In 1980, the County decided to terminate its Otay landfill hazardous waste operations and granted Aptec a five-year lease to operate a hazardous waste facility on County property located within the City. The lease was extended through September 19, 1990, when Aptec exercised its option to renew. In 1981, the City approved a conditional use permit for the Aptec facility, finding it would have no significant environmental impact and adopting the County's negative declaration.

On November 28, 1989, the County's Board of Supervisors considered its staff's recommendation to approve a new five-year agreement for Aptec to continue operating its facility. The staff concluded the new agreement would be exempt from the provisions of the California Environmental Quality Act (CEQA) (§§ 21000 et seq.), since it would not change any existing operating condition. The staff reported that the state permit allowed Aptec to store up to 3,490 drums at any one time. A City council member, David Malcolm, spoke against the proposed agreement, citing environmental concerns and asked that at least the number of drums be reduced from that number. The staff then indicated Aptec was willing to agree to limit the number of drums to 2,000.

Following public discussion, the Board of Supervisors then took the following action:

"1. [it] finds that the project is categorically exempt under the provisions of the California Environmental Quality Act (CEQA), Section 15301; the continued operation of a facility, with no expansion beyond existing use "2. in accordance with Board Policy A-87, Restrictions for Sole Source Procurement, [it] approves and authorizes the Director of Purchasing and Contracting to enter into negotiations with the BKK Corporation [Aptec's parent company], and subject to successful negotiations and determination of a fair and reasonable price, award a service contract for five years for the operation of an Industrial Waste Transfer/Treatment Facility; and waive[s] the advertising requirement of Board Policy A-87[;]

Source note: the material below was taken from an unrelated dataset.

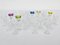 Sculpted Crystal Glasses from Baccarat, France, 1950s, Set of 25 2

"and directs the CAO [Chief Administrative Officer] to: 1) not wait for the health risk assessment [required for extension of Aptec's state permit] but to proceed with a Request for Proposal for operation starting 1995; 2) report every 90 days to the Board on the progress of the search for a new site and also the alternatives CAO is considering if the health risk assessment is negative; 3) explore the possibility of hiring a negotiator outside of County staff for additional support in negotiating a new service agreement with BKK Corporation; and 4) limit storage capacity to 2000 drums in [the] new agreement with BKK Corporation." (Italics added.)

That same day, the County filed a notice of exemption (NOE) stating the project was categorically exempt as an existing facility pursuant to California Code of Regulations, title 14, section 15301, because "[i]t involves the continued operation of a facility with no expansion beyond existing use." 3 The NOE also stated the project was approved on November 28, 1989, and it described the nature and purpose of the project "[t]o negotiate a service agreement with the BKK Corporation for the continued operation of the Appropriate Technologies II (Ap Tech II) hazardous waste transfer/treatment facility."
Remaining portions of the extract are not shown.